Professional networking sites such as LinkedIn have given candidates the power to research companies, find out who the key contacts are at the organisations they would like to work and make direct approaches, which adds to difficulty in retaining staff, particularly those staff who are disengaged. Many talented employees will be aware that the skills and qualifications they have are in demand, so rather than wait for a vacancy to apply to, they are confident enough to make speculative approaches.
Whereas in 2008-20012, employees were content to keep their heads down and work away, now with a backdrop of (almost) full employment and a stable economy, employees are more likely to put their head above the parapet and see what offers they might receive, if they feel they are being under-paid. In the 2018 Engineering Manager Salary Survey we undertook, 61% of survey respondents stated that increased salary was a key motivator to them seeking out alternative work.
We would urge Food & Drink businesses to constantly benchmark salaries across all positions, to see if their salaries offered are competitive with similar companies within a 30-mile radius. If you find you are finding that you are falling behind what others are paying, it won’t be long before you start losing people, so pre-empt this by increasing pay levels. A £2000 increase today may save you £30000 a few months down the line. The pay threshold where you are likely to see staff join leave is around 10%, so for example if the Factory down the road is paying its Engineers 10% more, you are likely to start losing people.

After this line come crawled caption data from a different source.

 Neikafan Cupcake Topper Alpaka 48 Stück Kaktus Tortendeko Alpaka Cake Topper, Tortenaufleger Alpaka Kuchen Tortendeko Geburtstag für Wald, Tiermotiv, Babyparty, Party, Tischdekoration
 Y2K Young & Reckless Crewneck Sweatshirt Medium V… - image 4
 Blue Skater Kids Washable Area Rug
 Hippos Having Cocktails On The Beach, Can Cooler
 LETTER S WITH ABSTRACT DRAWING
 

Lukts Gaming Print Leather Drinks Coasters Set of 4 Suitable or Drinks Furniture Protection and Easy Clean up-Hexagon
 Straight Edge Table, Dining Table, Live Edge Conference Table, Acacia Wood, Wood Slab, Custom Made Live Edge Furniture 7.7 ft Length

Senior Management Treat Employees well
Have you ever been in a job where you were overworked and underpaid? Chances are you didn’t stay in it very long. Treating staff well doesn’t always mean paying them more, giving them large bonuses or benefits. It can be the little things that makes all the difference, such as making sure they are supported, have a manageable workload, have a culture of teamwork and inclusion, ensuring staff have the tools to do the job, ensuring they are adequately trained, ensuring they are listened to and treated fairly, ensuring staff are incentivised and paid the appropriate salary, ensuring employees are appreciated and given recognition for a job well done.

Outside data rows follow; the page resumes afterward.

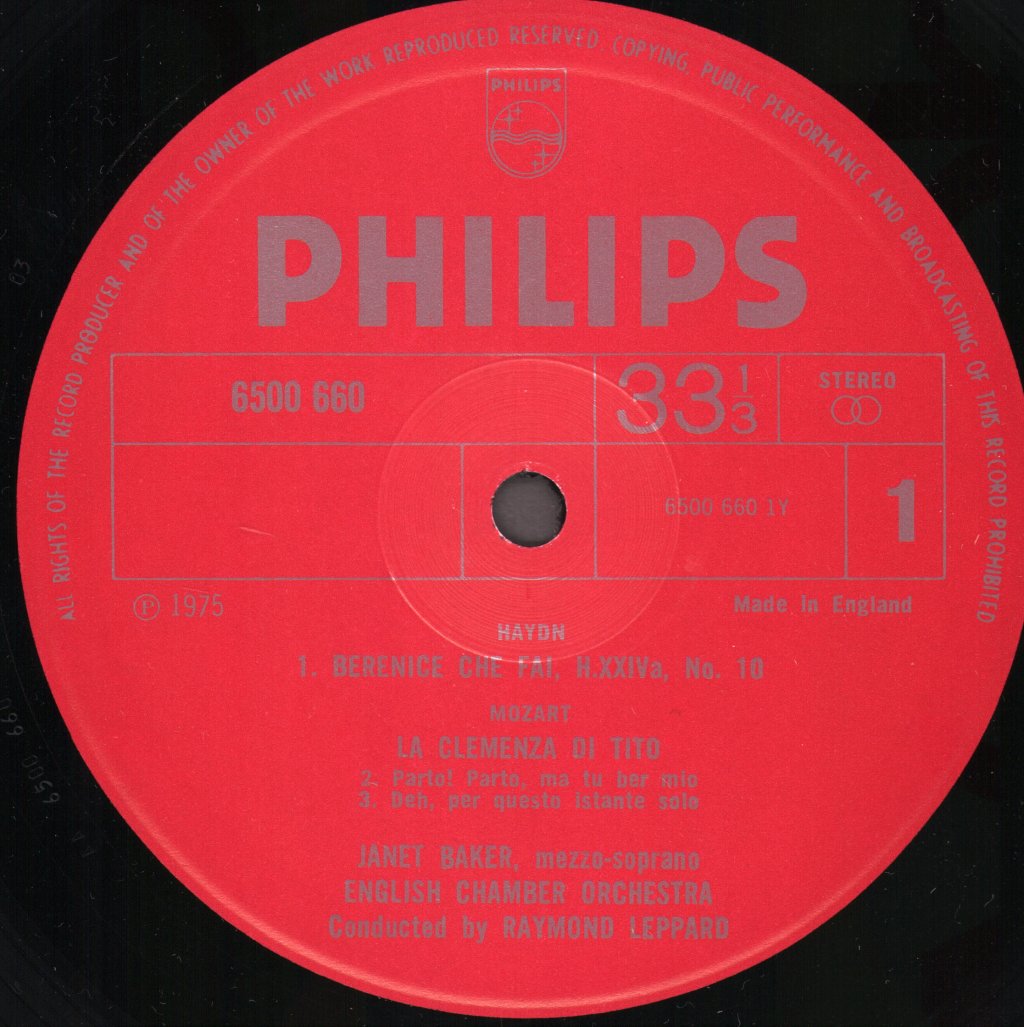 Janet Baker / Raymond Leppard English Chamber Orchestra - Mozart Arias - La Clemenza Di Tito / Haydn - Arianna - Lp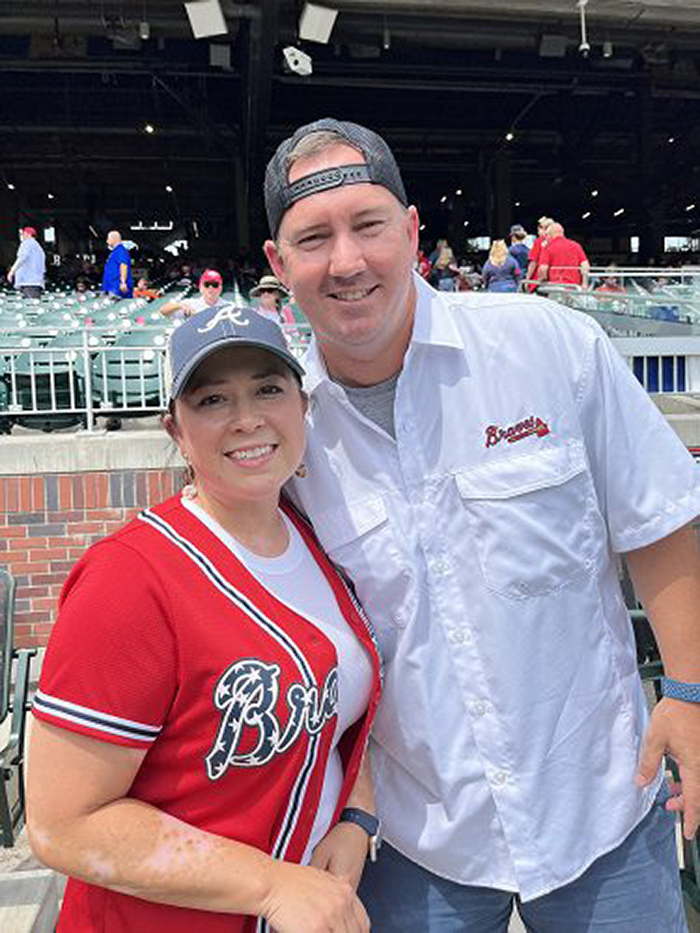 Christina in a Braves jersey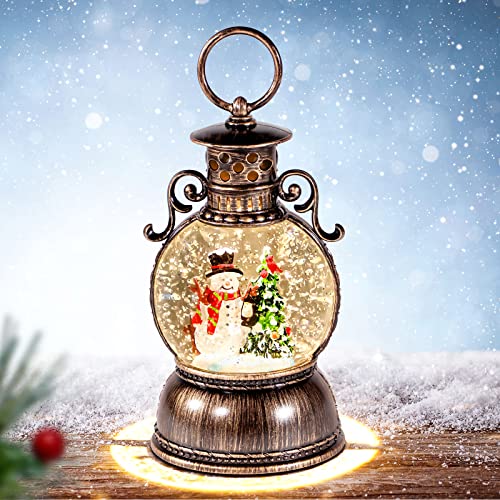 DGSCAK Christmas Snow Globes Lantern Musical,6H Timer Cylinder Glitter Snow Globe,Bronze Snow Globes Christmas with Music Box Including 8 Songs,Lantern with Xmas Tree Snowman Decor - Image 1
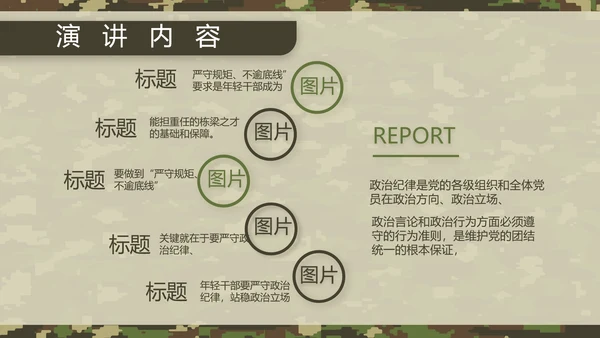 迷彩风八一军事部队军人述职报告动态PPT模板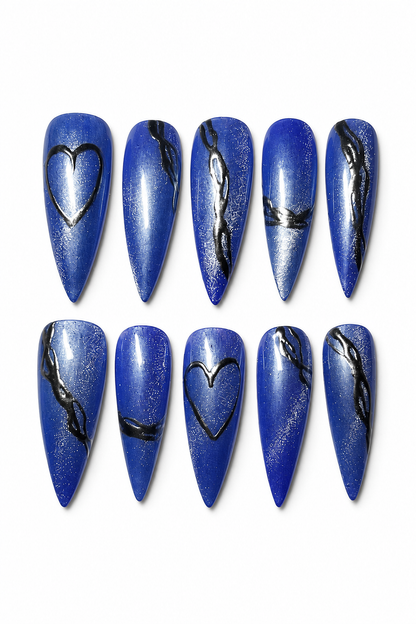 Blue Toxic Love electric blue cat eye reusable press-on nails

Treating employees well is all about good Management. We speak to many disenfranchised Food professionals who contact us with stories of bad management, how they have not been able to implement change due to bad management, how they can’t function in the role due to bad management, how the style of management is creating a toxic culture within the business. Staff retention should always start with good management and treating staff well.
Talented Food professionals will always be in demand and even with the most progressive staff retention policy, you will still experience some attrition. However, the way in which Food & Drink businesses treat their staff will be a major factor in how well they retain their best people.
The culture of a business starts at the top and cascades down and if the senior team is aware and attuned to the needs of its talent and can keep its talent engaged, motivated, excited and productive, they have a chance of retaining the best and bringing more talent into the business. If you treat people well and give them a reason to stay, they will generally repay you with their loyalty.